Now when PETA catches the feral cats to neuter them, they'll give them a sweater too.


----------



## flyfish (Dec 4, 2001)

Our numbers seem to be about average.


----------



## Neal (Mar 20, 2001)

Years ago I used to hunt a friends property that was managed for rabbit hunting (QRM?) He told me he had best results by building a couple HUGE brush piles on the property. These were the size of a school bus and included lots of tree trunks. He had a tractor to do the heavy lifting.
He then had many small satellite brush piles scattered throughout the property. 

His theory was by having these couple large fortress the rabbits would be protected and would multiply. The rabbits then would naturally disperse to the smaller (huntable) brush piles on the property.

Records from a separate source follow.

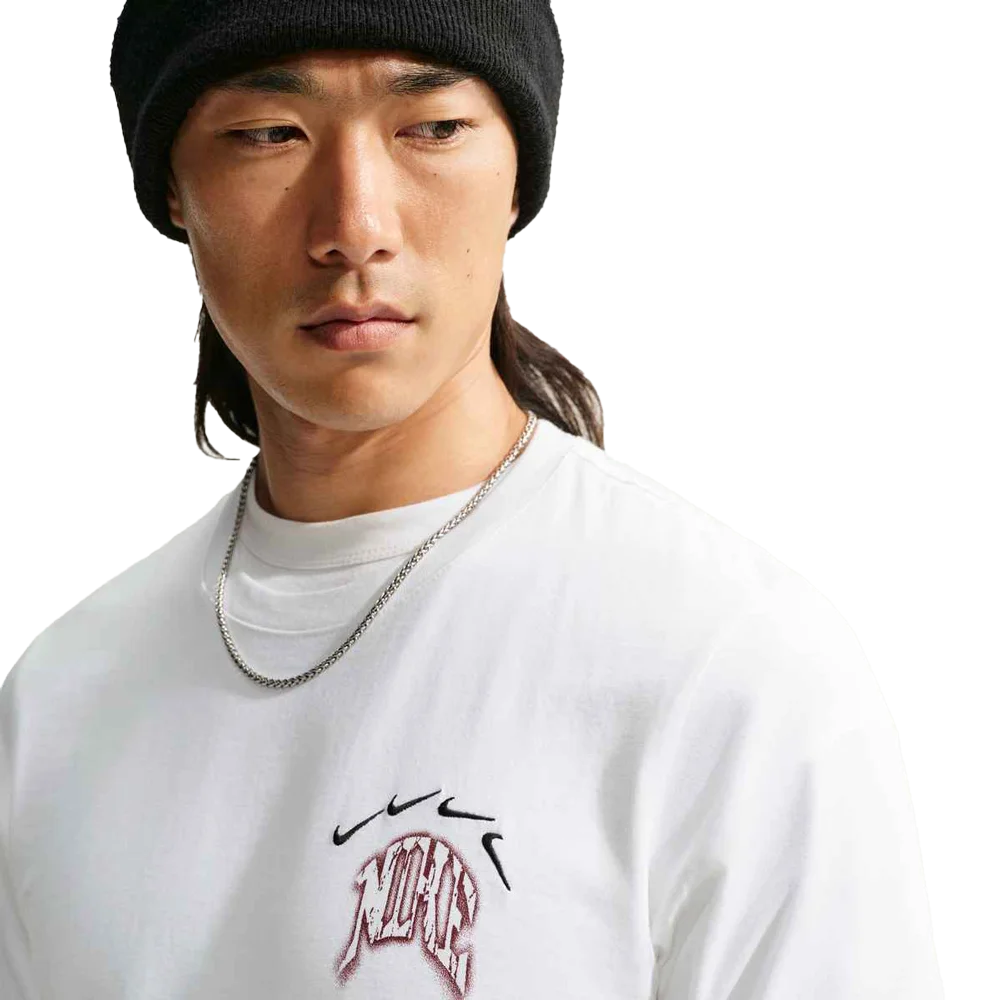 Nike Men's Sportswear Defy Graphic T-Shirt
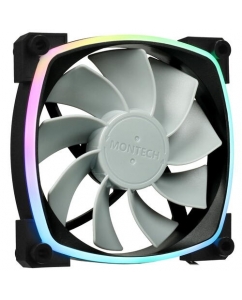 Реверсный вентилятор Montech RX 120 PWM | emobi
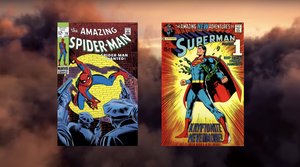 Interesting Video Explores The Circle of Life in Superhero Storytelling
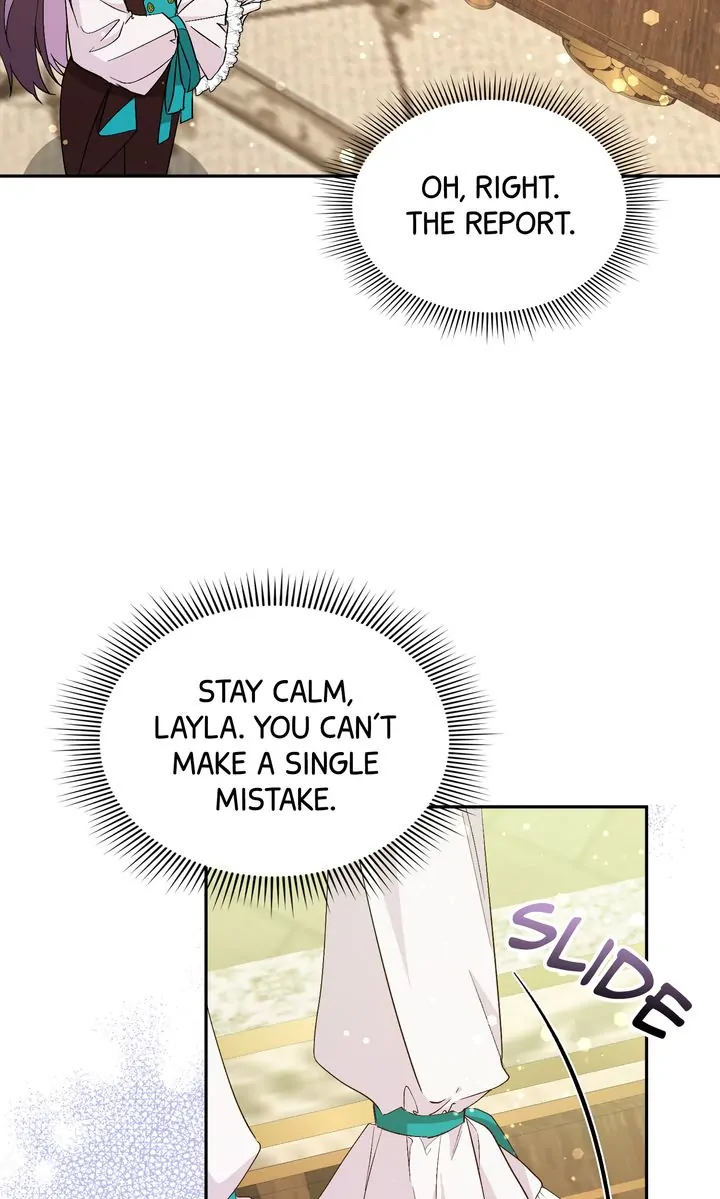 Trash Will Always Be Trash Chapter 40 page 11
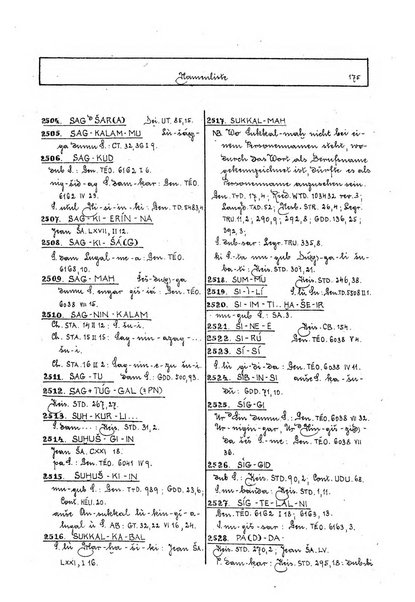 Orientalia commentarii de rebus assyro-babylonicis, arabicis, aegyptiacis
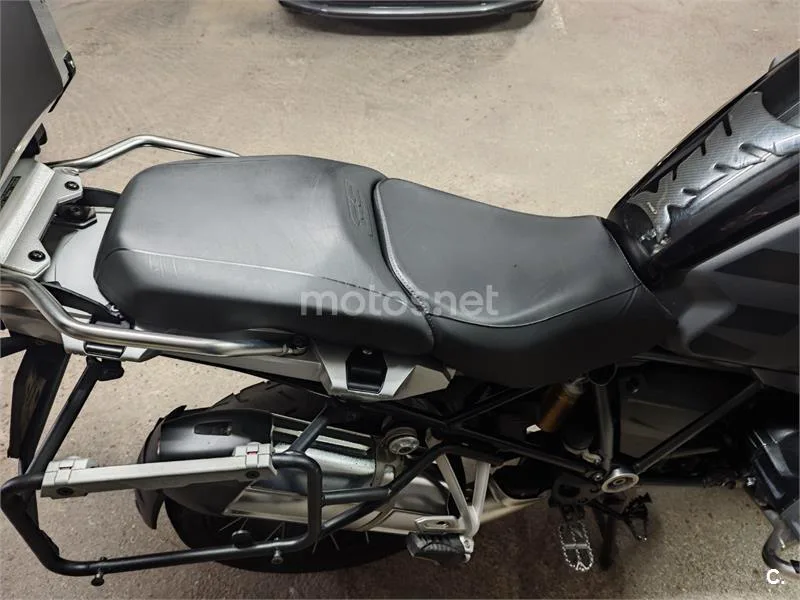 BMW R 1200 GS Adventure – Vista 4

Hunting the small piles was VERY productive​


----------



## KI Jim (Apr 14, 2004)

I hunt in Washtenaw, Jackson and Ingham counties. I have seen dramatic declines in the rabbit numbers. 10-20 years ago, it was limits pretty much every time out (jump hunting-no dogs). About 10 years ago, I began seeing a serious decline where now it looks like they are almost extinct in the areas I hunt. No tracks, no road kill. I haven't shot one in 5 years. Too bad because for young hunters, it used to be the best.


----------



## nick burk (May 3, 2012)

Coyotes has hit them hard

posted using Outdoor Hub Campfire


----------